The above comments where made in reference to on-going operations. In a reply I've included the 'build' carbon too. I think a working Algae farm should be greenhouse gas (GHG) negative to start with and over time become slightly GHG positive once all fossils fuel usage (as a fuel) is replaced.

My reply to David and anyone who's interested.

Second attempt at a response. First one was turning into Ben-Hur.

Here is how I see it.

All the carbon in algae come from the atmosphere in the first place, so any burning process no matter how efficient or inefficient should be neutral at worst. Indeed an inefficient burn that produced an algae-char replacement for bio-char (charcoal) could make the process helpfully GHG negative.

Now lets switch to the energy front.

I going to assume that the total energy production over the life of the algae farm & associated processing chain is greater than the total energy consumption involved in building and operation said algae farm & processing chain. (if this is not true what we really got is most likely a coal to oil plant, and a different ball game).

Given the algae farm is a net energy producer, I'm going to assume these guys eat their own dog food and this means:
* they built the farm & chain using energy from the last one they built and
* that operational energy will be drawn from the farm & chain's previous operations

If the above is true, the carbon footprint is the physical carbon embedded in making the steel and other manufactures (ie coking coal needed to make the steel).

In reality this is likely not to be true. I.e. the bio-mass oil produced is likely to be used for transport, while the chain is operated by gas fired electricity (or some other non transport grade energy source). I'm not including this in my logic because this factor is highly situational.

Back to the carbon front.

Assuming that the net energy produced is going to replace the 'worst carbon energy source'. Isn't this what emission trading systems (ETSs) do? Act as a pricing mechanism to transfer resources between players. (I'm not including net changes to total human energy demand, that shouldn't effect the carbon & energy budget of individual artefacts).

Shouldn't any carbon cost of building and operating the farm & chain be far less than the carbon cost of building/continued operation of the low cost 'worst carbon energy source' that it replaces.
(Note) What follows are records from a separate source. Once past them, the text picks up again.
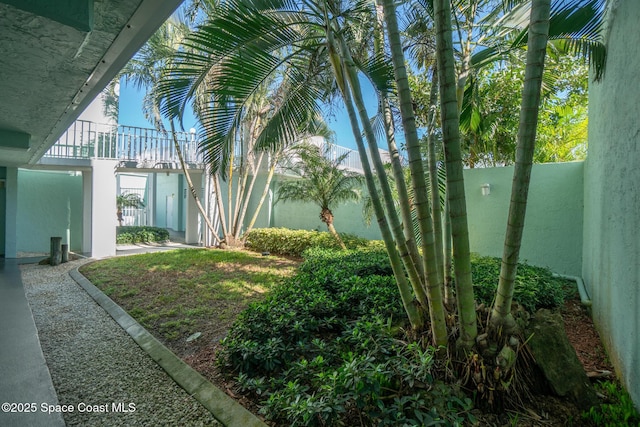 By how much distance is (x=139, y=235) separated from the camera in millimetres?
13961

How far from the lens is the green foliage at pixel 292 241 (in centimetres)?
948

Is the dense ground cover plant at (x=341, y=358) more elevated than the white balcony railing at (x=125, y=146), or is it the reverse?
the white balcony railing at (x=125, y=146)

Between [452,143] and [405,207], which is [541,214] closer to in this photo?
[405,207]

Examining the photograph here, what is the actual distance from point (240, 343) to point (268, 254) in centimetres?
749

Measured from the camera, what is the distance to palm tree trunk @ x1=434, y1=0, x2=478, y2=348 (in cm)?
219

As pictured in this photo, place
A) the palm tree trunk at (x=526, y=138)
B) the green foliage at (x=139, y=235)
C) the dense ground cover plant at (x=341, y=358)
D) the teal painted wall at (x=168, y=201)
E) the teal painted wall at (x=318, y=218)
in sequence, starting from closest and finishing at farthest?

Granted the shut down of the low cost 'worst carbon energy source' won't happen on the day the algae farm & processing chain go operational. But the low cost high carbon alternative won't start either. Over time (and assuming governments don't corrupt the working of an international ETS system that includes an escalating carbon cost) the 'worst carbon energy source' will get replaced.

*** A working International Climate Change Agreement that a working International ETS system would be based on is a PRE-CONDITION to successfully fighting Global Warming (what the Australian Labor Party (ALP) is pushing atm does not meet these conditions and thus is a waste of current effort and may have big opportunity costs) ***

If the above happens, isn't an algae farm going to be GHG negative. The better the gross energy production:gross energy cost ratio (for the total life cycle), the more GHG negative the algae farm should be.

At some future date.

Repeating the no build/closures of 'worst carbon energy source' cycle over time would get you to the situation where the next algae farm itself becomes a 'worst carbon energy source'. One would hope that the base carbon cost is building an algae farm without the 'worst carbon energy source' offsets (offset = 0), is low enough that at that mythical future date when the human world as run by algae farm, the carbon load will be well within the Earth's ability to absorb (on an annual basis).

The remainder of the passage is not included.